Scraped caption text data
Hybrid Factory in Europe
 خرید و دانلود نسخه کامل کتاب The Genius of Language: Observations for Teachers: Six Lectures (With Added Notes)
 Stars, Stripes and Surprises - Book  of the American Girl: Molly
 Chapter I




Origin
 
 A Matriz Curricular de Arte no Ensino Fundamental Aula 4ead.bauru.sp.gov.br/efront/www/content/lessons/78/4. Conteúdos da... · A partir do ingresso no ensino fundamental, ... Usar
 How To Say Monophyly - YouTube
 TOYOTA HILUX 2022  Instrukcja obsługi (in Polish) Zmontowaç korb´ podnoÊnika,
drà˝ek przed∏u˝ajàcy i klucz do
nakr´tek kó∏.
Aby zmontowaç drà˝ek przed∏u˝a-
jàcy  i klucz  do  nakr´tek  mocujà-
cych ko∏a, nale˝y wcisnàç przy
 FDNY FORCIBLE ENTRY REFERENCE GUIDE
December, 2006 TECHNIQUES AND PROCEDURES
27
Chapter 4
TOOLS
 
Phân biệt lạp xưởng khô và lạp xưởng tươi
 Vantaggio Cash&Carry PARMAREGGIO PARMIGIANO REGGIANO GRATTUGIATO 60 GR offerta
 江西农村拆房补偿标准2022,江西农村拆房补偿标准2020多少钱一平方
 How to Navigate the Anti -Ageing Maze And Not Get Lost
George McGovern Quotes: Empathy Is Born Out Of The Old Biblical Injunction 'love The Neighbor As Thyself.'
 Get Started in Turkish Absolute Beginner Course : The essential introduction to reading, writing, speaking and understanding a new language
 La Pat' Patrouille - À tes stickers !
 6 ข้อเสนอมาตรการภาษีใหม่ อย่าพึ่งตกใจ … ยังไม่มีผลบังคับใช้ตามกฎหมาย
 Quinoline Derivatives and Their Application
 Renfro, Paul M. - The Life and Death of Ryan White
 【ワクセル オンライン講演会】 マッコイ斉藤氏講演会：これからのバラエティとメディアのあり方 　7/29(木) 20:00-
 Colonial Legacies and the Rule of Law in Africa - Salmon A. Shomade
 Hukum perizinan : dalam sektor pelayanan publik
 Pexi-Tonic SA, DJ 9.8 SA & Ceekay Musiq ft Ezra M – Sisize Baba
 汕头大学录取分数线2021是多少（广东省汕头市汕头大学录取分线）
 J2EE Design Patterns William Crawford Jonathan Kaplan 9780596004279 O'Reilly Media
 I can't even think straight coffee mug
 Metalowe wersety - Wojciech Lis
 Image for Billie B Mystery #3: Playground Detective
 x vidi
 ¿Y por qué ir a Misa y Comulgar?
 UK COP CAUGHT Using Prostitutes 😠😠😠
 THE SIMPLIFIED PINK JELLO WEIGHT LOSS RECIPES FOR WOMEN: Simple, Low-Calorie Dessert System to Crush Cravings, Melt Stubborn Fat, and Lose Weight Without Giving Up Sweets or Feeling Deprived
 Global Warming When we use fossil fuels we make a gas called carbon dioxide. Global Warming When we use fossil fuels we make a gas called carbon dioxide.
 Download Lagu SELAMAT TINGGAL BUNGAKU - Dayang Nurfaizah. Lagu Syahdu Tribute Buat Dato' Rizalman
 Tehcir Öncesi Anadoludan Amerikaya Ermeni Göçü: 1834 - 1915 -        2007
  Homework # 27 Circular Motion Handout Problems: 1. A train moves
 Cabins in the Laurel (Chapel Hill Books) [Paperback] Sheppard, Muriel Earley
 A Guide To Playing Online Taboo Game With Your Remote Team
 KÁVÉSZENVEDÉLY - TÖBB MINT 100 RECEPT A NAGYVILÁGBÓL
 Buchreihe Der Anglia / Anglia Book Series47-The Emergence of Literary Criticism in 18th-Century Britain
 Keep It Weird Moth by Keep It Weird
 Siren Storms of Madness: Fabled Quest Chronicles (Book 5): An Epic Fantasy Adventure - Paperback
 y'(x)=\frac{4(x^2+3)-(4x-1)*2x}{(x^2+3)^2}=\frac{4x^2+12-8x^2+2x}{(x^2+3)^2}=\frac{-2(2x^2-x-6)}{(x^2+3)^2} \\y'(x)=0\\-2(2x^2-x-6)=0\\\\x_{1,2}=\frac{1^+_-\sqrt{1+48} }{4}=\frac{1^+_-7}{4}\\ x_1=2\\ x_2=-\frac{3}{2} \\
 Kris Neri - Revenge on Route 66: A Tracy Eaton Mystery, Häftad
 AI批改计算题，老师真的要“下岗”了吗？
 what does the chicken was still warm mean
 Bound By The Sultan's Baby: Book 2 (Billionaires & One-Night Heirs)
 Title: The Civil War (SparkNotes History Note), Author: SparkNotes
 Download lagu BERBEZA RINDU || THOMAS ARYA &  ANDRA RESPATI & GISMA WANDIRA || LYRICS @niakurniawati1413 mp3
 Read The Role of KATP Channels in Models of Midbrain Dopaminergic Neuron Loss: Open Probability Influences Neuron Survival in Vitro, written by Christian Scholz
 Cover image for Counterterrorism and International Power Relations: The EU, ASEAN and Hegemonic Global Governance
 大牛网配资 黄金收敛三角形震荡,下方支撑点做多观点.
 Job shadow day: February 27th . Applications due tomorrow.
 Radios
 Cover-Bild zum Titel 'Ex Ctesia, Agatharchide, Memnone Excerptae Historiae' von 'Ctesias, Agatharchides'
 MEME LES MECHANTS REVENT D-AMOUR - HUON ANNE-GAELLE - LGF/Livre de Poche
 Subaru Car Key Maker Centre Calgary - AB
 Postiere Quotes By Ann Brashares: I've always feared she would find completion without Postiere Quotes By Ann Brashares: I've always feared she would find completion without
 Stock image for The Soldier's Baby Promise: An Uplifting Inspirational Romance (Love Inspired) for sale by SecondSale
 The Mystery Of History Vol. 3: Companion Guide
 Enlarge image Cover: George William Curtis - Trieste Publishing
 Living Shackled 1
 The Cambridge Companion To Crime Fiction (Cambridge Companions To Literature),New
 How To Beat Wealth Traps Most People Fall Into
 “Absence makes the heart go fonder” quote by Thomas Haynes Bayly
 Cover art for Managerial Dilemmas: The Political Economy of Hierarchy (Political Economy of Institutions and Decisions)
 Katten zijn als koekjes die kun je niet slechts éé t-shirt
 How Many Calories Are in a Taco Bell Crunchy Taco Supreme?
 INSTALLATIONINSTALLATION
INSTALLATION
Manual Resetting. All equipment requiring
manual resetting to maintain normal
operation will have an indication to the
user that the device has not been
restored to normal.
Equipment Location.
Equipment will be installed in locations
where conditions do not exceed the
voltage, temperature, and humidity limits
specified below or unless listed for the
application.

> _Task description_
Only the lines from the top of the data through the line that contains "THE SIMPLIFIED PINK" should be quoted, exactly as they stand.

> _Result of this task_
Hybrid Factory in Europe
 خرید و دانلود نسخه کامل کتاب The Genius of Language: Observations for Teachers: Six Lectures (With Added Notes)
 Stars, Stripes and Surprises - Book  of the American Girl: Molly
 Chapter I




Origin
 
 A Matriz Curricular de Arte no Ensino Fundamental Aula 4ead.bauru.sp.gov.br/efront/www/content/lessons/78/4. Conteúdos da... · A partir do ingresso no ensino fundamental, ... Usar
 How To Say Monophyly - YouTube
 TOYOTA HILUX 2022  Instrukcja obsługi (in Polish) Zmontowaç korb´ podnoÊnika,
drà˝ek przed∏u˝ajàcy i klucz do
nakr´tek kó∏.
Aby zmontowaç drà˝ek przed∏u˝a-
jàcy  i klucz  do  nakr´tek  mocujà-
cych ko∏a, nale˝y wcisnàç przy
 FDNY FORCIBLE ENTRY REFERENCE GUIDE
December, 2006 TECHNIQUES AND PROCEDURES
27
Chapter 4
TOOLS
 
Phân biệt lạp xưởng khô và lạp xưởng tươi
 Vantaggio Cash&Carry PARMAREGGIO PARMIGIANO REGGIANO GRATTUGIATO 60 GR offerta
 江西农村拆房补偿标准2022,江西农村拆房补偿标准2020多少钱一平方
 How to Navigate the Anti -Ageing Maze And Not Get Lost
George McGovern Quotes: Empathy Is Born Out Of The Old Biblical Injunction 'love The Neighbor As Thyself.'
 Get Started in Turkish Absolute Beginner Course : The essential introduction to reading, writing, speaking and understanding a new language
 La Pat' Patrouille - À tes stickers !
 6 ข้อเสนอมาตรการภาษีใหม่ อย่าพึ่งตกใจ … ยังไม่มีผลบังคับใช้ตามกฎหมาย
 Quinoline Derivatives and Their Application
 Renfro, Paul M. - The Life and Death of Ryan White
 【ワクセル オンライン講演会】 マッコイ斉藤氏講演会：これからのバラエティとメディアのあり方 　7/29(木) 20:00-
 Colonial Legacies and the Rule of Law in Africa - Salmon A. Shomade
 Hukum perizinan : dalam sektor pelayanan publik
 Pexi-Tonic SA, DJ 9.8 SA & Ceekay Musiq ft Ezra M – Sisize Baba
 汕头大学录取分数线2021是多少（广东省汕头市汕头大学录取分线）
 J2EE Design Patterns William Crawford Jonathan Kaplan 9780596004279 O'Reilly Media
 I can't even think straight coffee mug
 Metalowe wersety - Wojciech Lis
 Image for Billie B Mystery #3: Playground Detective
 x vidi
 ¿Y por qué ir a Misa y Comulgar?
 UK COP CAUGHT Using Prostitutes 😠😠😠
 THE SIMPLIFIED PINK JELLO WEIGHT LOSS RECIPES FOR WOMEN: Simple, Low-Calorie Dessert System to Crush Cravings, Melt Stubborn Fat, and Lose Weight Without Giving Up Sweets or Feeling Deprived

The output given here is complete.